British Columbia

House parties are out, but festive light displays expected to be bigger, brighter this year

BC Hydro says a recent survey shows the COVID-19 pandemic may lead to people create larger, elaborate holiday light decorations because more people are staying at home rather than going to view public displays.

BC Hydro says more people are planning to stay home and decorate for the holiday season

Perry and Paula Balascak in Maple Ridge lit up their house with thousands of Christmas lights in 2017 and decked their lawns with dozens of hand-made wooden structures. (Paula Balascak)

British Columbians will be creating larger, elaborate holiday light decorations, according to a recent BC Hydro survey, as people stay home rather than take in displays in public gardens and parks during the COVID-19 pandemic.

BC Hydro spokesperson Susie Rieder said about 60 per cent of British Columbians plant to put up outdoor lights this year and more people are expected to put up large inflatables or structured LED decor such as large reindeer.

"About 20 per cent are planning to add more indoor and outdoor decorations and there are expected to be more of those really big Clark Griswold-style displays than ever before this year."

Rieder pointed out more lights equals more energy and higher bills.

"So it's really important those lights are energy efficient so using LEDs is something that we highly recommend. They are 90 per cent more efficient than older incandescent bulbs."

BC Hydro says people can save around $40 during the holiday season by switching from eight strands of incandescent lights to LEDs which can also last up to 10 times longer.

BC Hydro says LED lights, pictured, are 90 per cent more efficient than older incandescent bulbs. (David Horemans/CBC)

Rieder said more people are planning to have their lights on longer with more than 40 per cent saying they will have their lights on for more than eight hours a day. 

She suggests putting displays on a timer to manage electricity use and avoid extra costs.

The survey also found that 41 per cent of people are less inclined to visit large public displays.
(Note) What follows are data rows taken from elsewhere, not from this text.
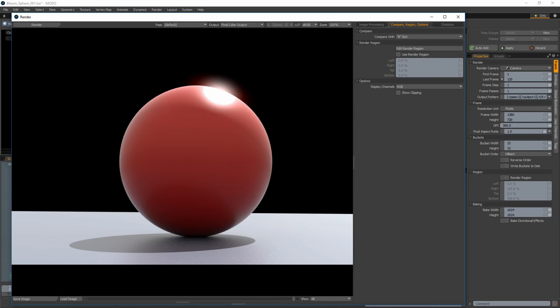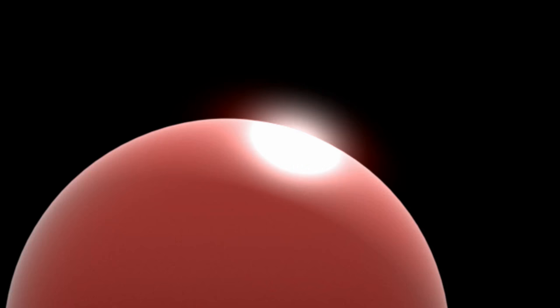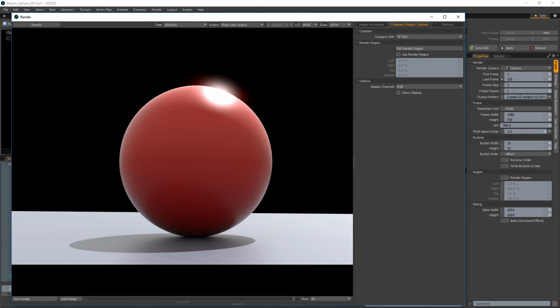William Vaughn here with a quick introduction to Bloom in Modo. Sometimes referred to as Light Bloom or Glow, Bloom is an image processing effect used to reproduce an imaging artifact of real-world cameras. This effect produces fringes of light extending from the borders of bright areas in an image, contributing to the illusion of an extremely bright light overwhelming the camera or eye capturing the scene.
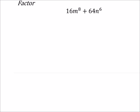First thing I do notice, though, is that both of the coefficients of m to the power of 8 and n to the power of 6 are even. So I know I can factor out a 2, but is there more to it?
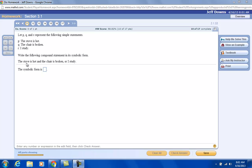So it says, the stove is hot, and the chair is broken, or I study.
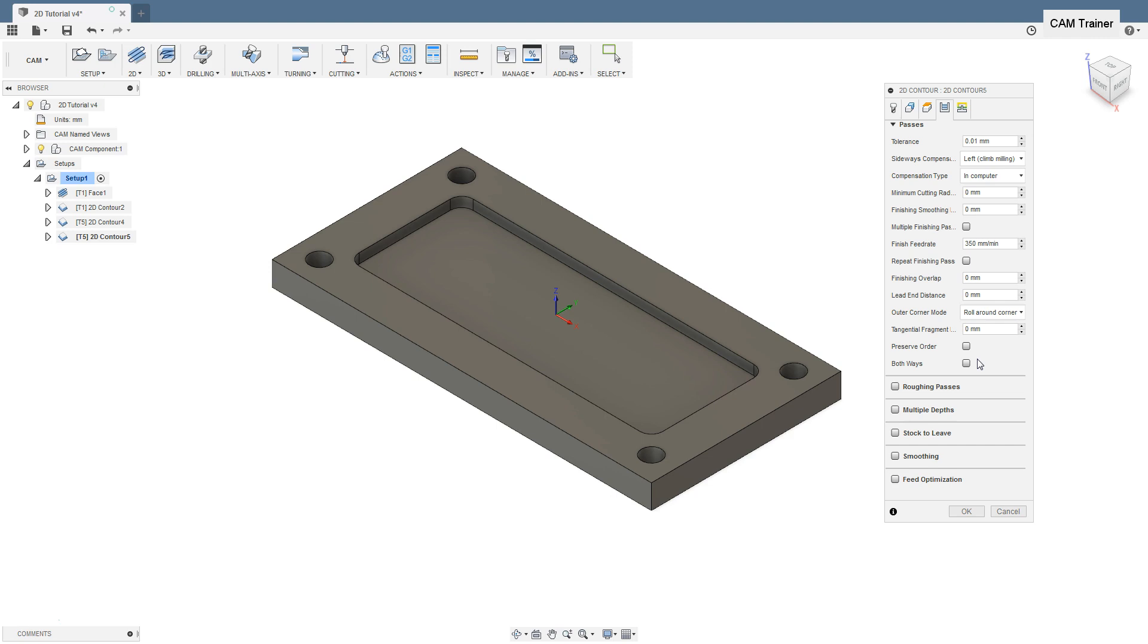Of course, this will work well when machining open contours. In the case of closed contours where the tool must machine a whole contour, there is no point in using the machining in both directions because we will not save anything here.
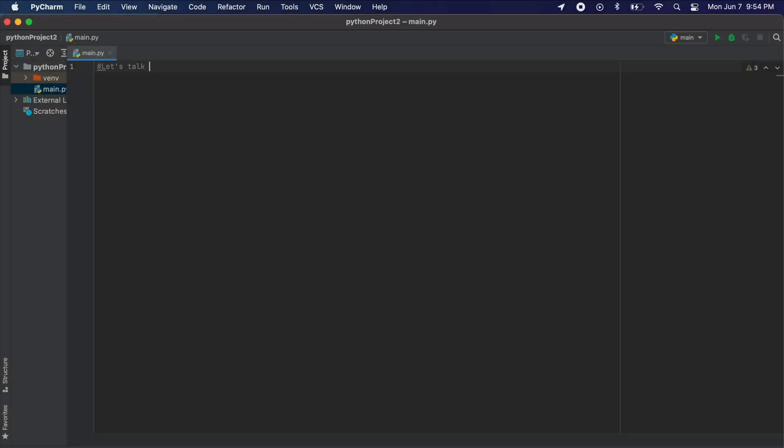Hey everyone, in this video I will show you how to install matplotlib to the PyCharm IDE.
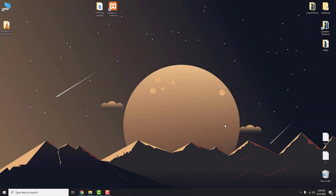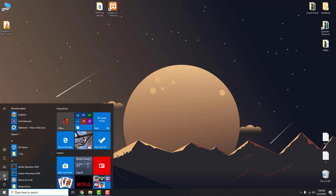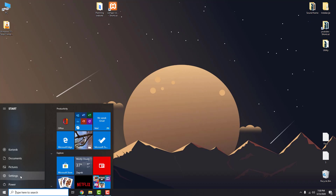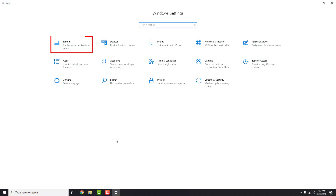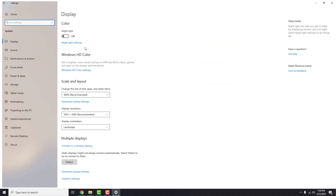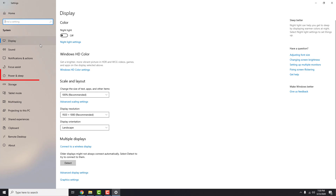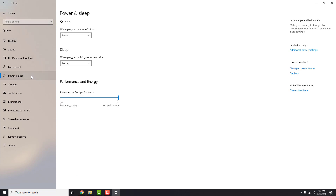If your PC automatically shuts down or goes to sleep or hibernate, you need to change some settings. Go to Windows Settings and click on the System icon. Go to the Power and Sleep tab, and over here change the setting to Never.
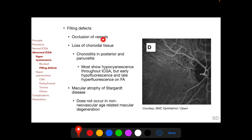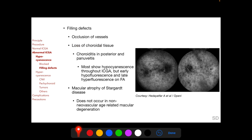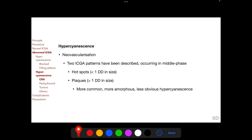Filling defects can also result in hypocyanescence, which may occur with occlusion of choroidal vessels, as seen here, or loss of choroidal tissue, as may occur in active choroiditis — seen here bilaterally in these angiograms. Most active choroiditis lesions show hypocyanescence throughout ICGA, but on FA demonstrate early hypofluorescence with late hyperfluorescence. Hypocyanescence on ICGA is also seen in macular atrophy of Stargardt's disease, where there is complete loss of choriocapillaries in the atrophic area. However, geographic atrophy in non-neovascular age-related macular degeneration does not show ICGA hypocyanescence, making ICGA a modality to distinguish between Stargardt's disease and geographic atrophy.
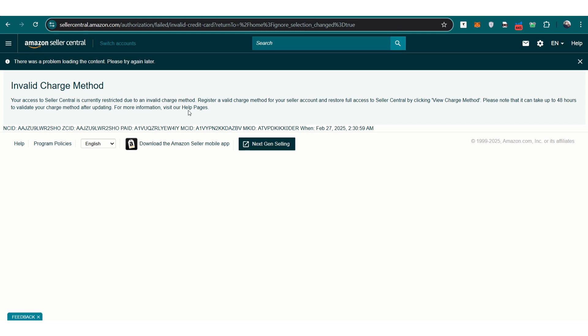In this video, we'll explain why this error occurs, how to resolve it quickly, and how to prevent it in the future. There are several reasons why Amazon may flag your charge method as invalid. The most common cause is an expired credit card, but it could also be due to your bank flagging the transaction as fraudulent.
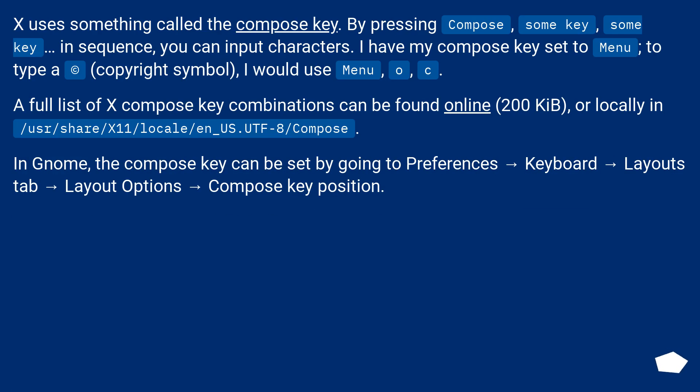X uses something called the Compose key. By pressing Compose, some key, some key in sequence, you can input characters. I have my Compose key set to Menu.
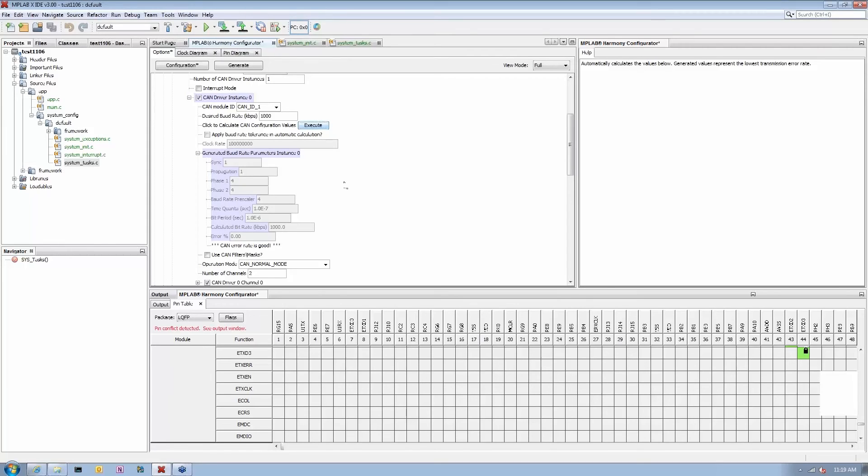So next, if I click on the generate button, it will generate proper code, properly configure my CAN module.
B.C.'s provincial health officer has suspended several events involving public light displays — including the Stanley Park Christmas Train and VanDusen Botanical Garden's Festival of Lights in Vancouver — at least until Dec. 7. 

People living B.C.'s Southern Interior are the most dedicated decorators with almost 70 per cent indicating they plan on putting up outdoor lights.

BC Hydro data indicates large holiday displays account for about three per cent of provincial electricity use, however that percentage is expected to rise this year.

The survey of 800 people was conducted by Ipsos from Nov. 16 to Nov. 19. The margin of error for this general provincial population survey is plus or minus 3.5 per cent, 19 times out of 20.